The blame for Americans’ insularity is usually put on US TV News which, it is said, reports almost entirely internal US stories.

But the words pot, kettle and black leap to mind.

Two people from Ireland were staying with me last week.

They complained that, on Irish television, the RTÉ news reports were almost entirely inward-looking reports about things happening in Ireland. One or two news items from the UK might be tacked-on briefly at the end.

But it is the same in the UK.

Blinkered, insular news reporting. We hear very little about what is happening in the outside world. One school shooting in the US is not wide world reporting.

I worked for 25 years or so in television, mostly in Entertainment but, early on, I was a Researcher on the BBC’s start-up teletext service CEEFAX, part of BBC TV News. This meant, in effect, being a cheap Sub Editor and, during the real Sub Editor meal breaks, being the person who, unsupervised, decided what went out.
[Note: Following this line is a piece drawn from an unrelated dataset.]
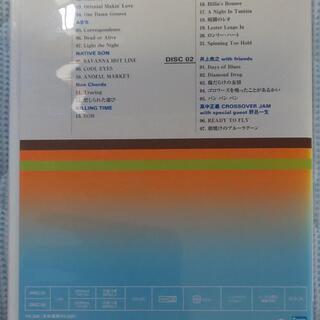 [値引き] [フュージョンファン垂涎] Crossover Japan '05の画像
We had Reuters and Press Association teleprinters spewing news in to us all the time and I remember one day stories coming in about massed tank battles involving (it was said) Soviet troops in Ethiopia or, I suppose, it was probably Eritrea. I did not report these on CEEFAX because the major full-scale war had been going on for months and had never been in the headlines.

In the same way, much later, the war in Liberia was almost never reported on British TV news because it went on for so long, because there were no TV reporters out there and because it overlapped with the First Gulf War.

I was thinking about this last night when I was watching vivid Al Jazeera reports on the civil war in Syria.

On the BBC TV News programmes last night – zilch, nothing, nada. Syria crops up occasionally but not regularly.

You would have thought that, with rolling 24-hour news channels, we would be getting more news, but we simply get the same news repeated every 15 minutes.

In a mainstream half hour BBC1 or ITV1 or Sky news broadcast we get, perhaps five news stories reported. Almost all are domestic UK stories.

Africa and Asia go virtually unreported.

‘Extended’ news coverage means Europe and the US.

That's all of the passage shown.